Friday, December 24, 2010

At War With the Lamb: Revelation 17

The chapter is full of symbols and high drama. Each word seems fraught with deep meaning. No one person, or generation, can understand the specific references in Revelation 17.

Let's try to simplify it a bit.

The nations will go to war against the Lamb.

When you declare war against another nation, you are saying, in effect, that you want something about that other nation to change. In a true, complete war, the victor carries out its own wishes over the vanquished. Unconditional surrender is the mark of a war that has been conclusively won.

The world always has, and still does, seek the total elimination of God's will upon the earth. Don't we all know this? Even atheists get it! The world resists the true God. It tolerates false religions, but hates the true one.

Jesus (the Lamb) came, healing the sick, feeding the hungry, clothing the naked, adding value to every one with whom He came into contact. He raised the dead, and is the only way to eternal life. Yet the world hates Him.

It is hard to understand. But perhaps a look at defiant toddlers, whose first word is probably "no!", gives us a hint as to why this is.

I saw two brothers fighting. The younger, smaller, one, kept taunting the older, bigger one. I said to the smaller one: "Why would you do this? He's twice as big as you?" Why indeed? Why do we resist God? Why do we seek to overthrow our Creator? It makes no sense, yet it is so.

So the nations of the world, after throwing off the yoke of "the great whore" who tantalized and seduced them for ages (I will not go into her possible identities here!), are now intoxicated with the thrill of victory. Having defeated God's chief enemy (so they think), they now seek to take on the Lord Himself!

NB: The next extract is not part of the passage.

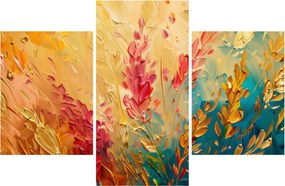 Kép - A mező festése (90x60 cm)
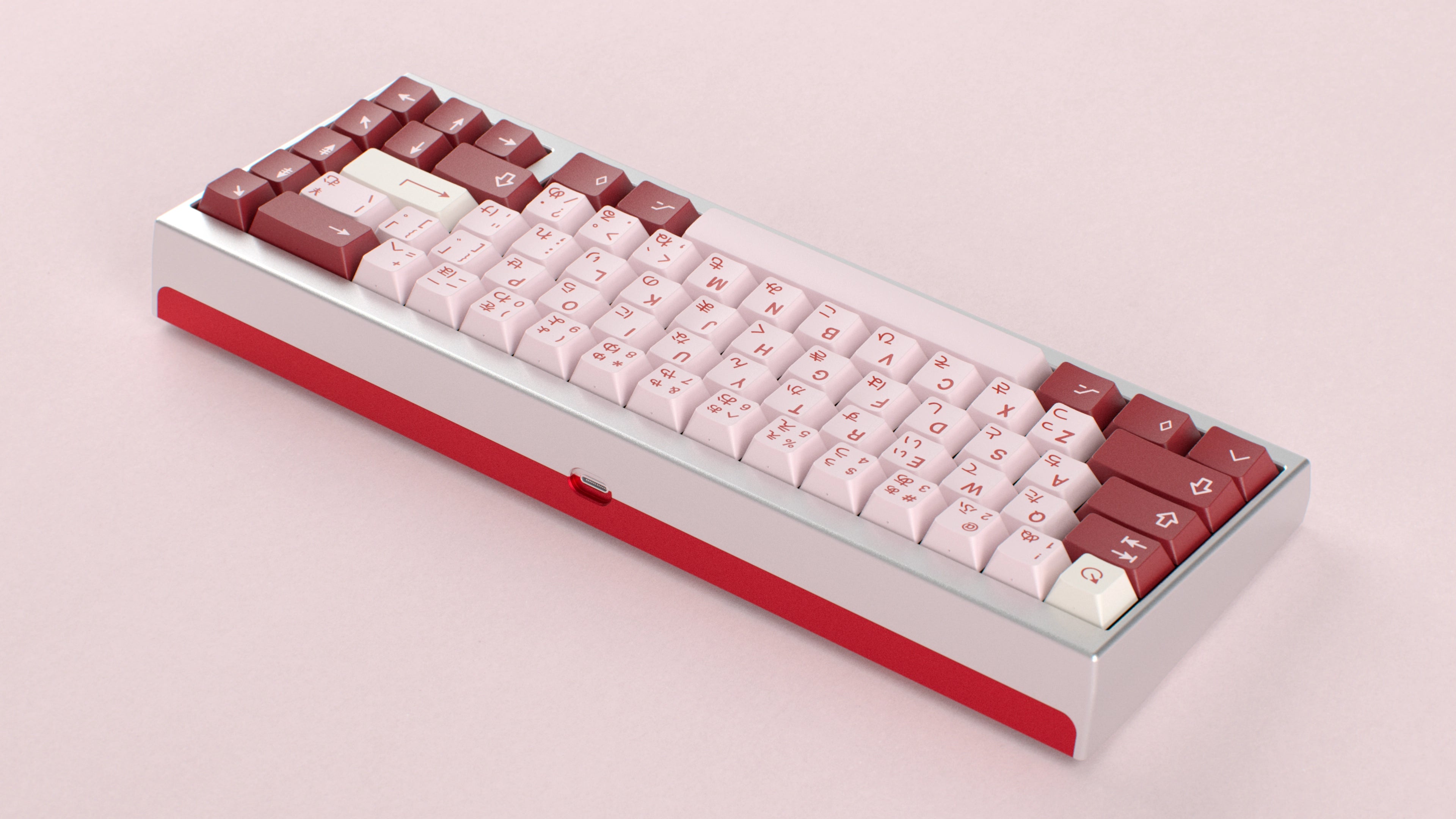 GMK Darling R2 Keycaps [Group Buy]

It's the younger sibling, again, in the emotions of the moment, in the heat of battle, losing his senses and digging a deeper hole for himself!

The beast, however, still pushes all the buttons. The whore was just a religious agent of the beast, that led people astray.

They will go to war with the Lamb, and the Lamb will conquer them . . . 

Is there anger, or hate, directed at Christ, or His Church, today? Do we strive to throw off God's moral requirements of us? Do we seek our will (whatever feels good), rather than His? Do we go for what's culturally relevant, rather than what's eternally significant? Do we wish God would go away?

This is war with the Lamb.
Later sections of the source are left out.